**GOAL OF THE EXERCISE:**
Without the images, print every line of the material below exactly as given.

**DATA:**
──────────────────────────────

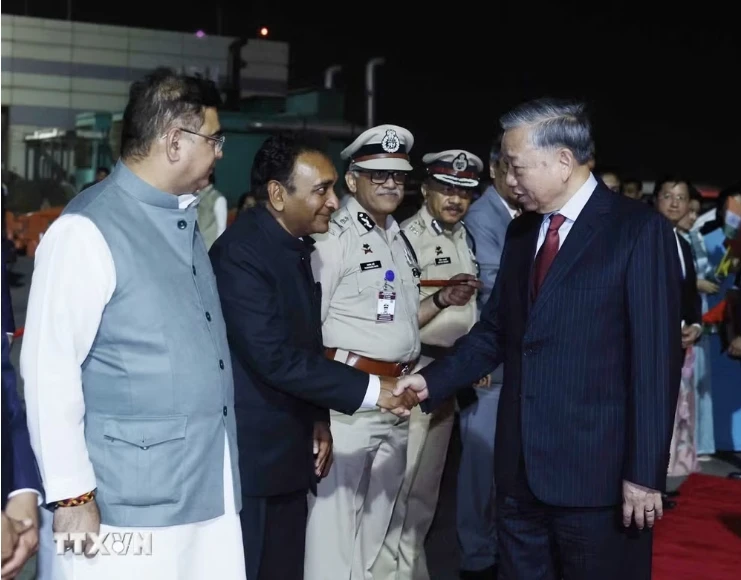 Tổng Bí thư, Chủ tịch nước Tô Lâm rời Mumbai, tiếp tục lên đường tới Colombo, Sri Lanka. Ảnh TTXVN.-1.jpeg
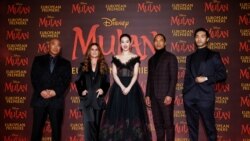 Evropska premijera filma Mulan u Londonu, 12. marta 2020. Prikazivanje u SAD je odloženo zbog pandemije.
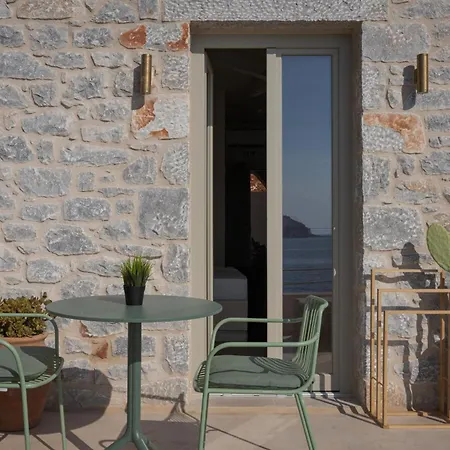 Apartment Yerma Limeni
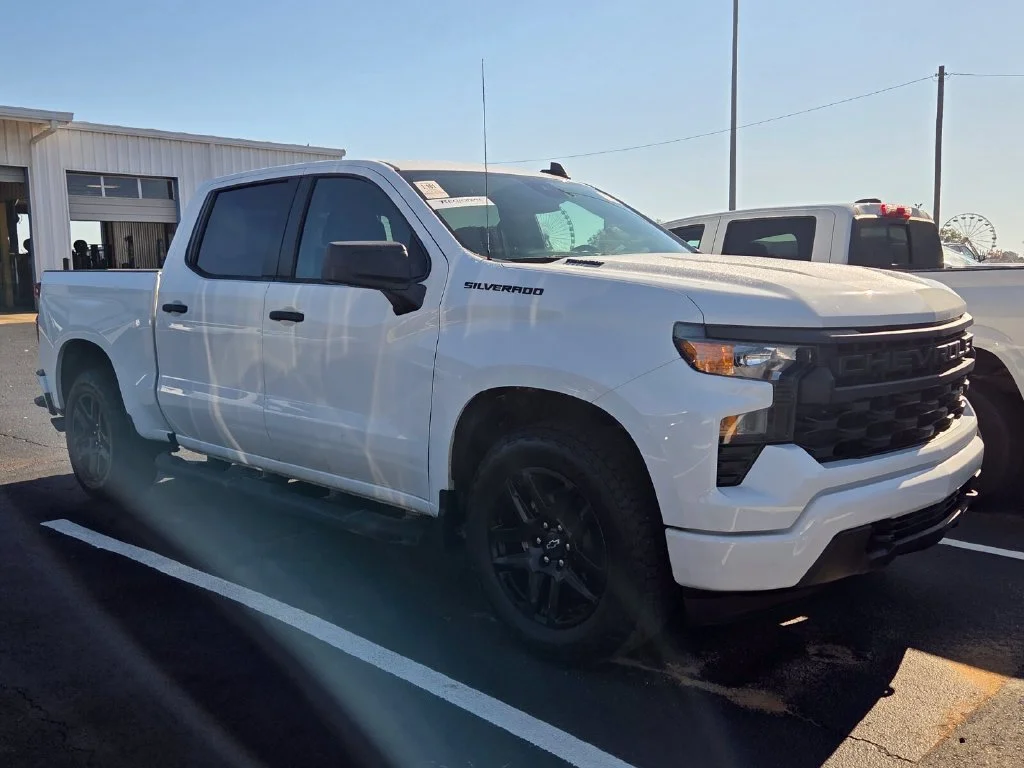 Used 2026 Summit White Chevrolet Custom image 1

──────────────────────────────

**RESPONSE:**
 Tổng Bí thư, Chủ tịch nước Tô Lâm rời Mumbai, tiếp tục lên đường tới Colombo, Sri Lanka. Ảnh TTXVN.-1.jpeg
 Evropska premijera filma Mulan u Londonu, 12. marta 2020. Prikazivanje u SAD je odloženo zbog pandemije.
 Apartment Yerma Limeni
 Used 2026 Summit White Chevrolet Custom image 1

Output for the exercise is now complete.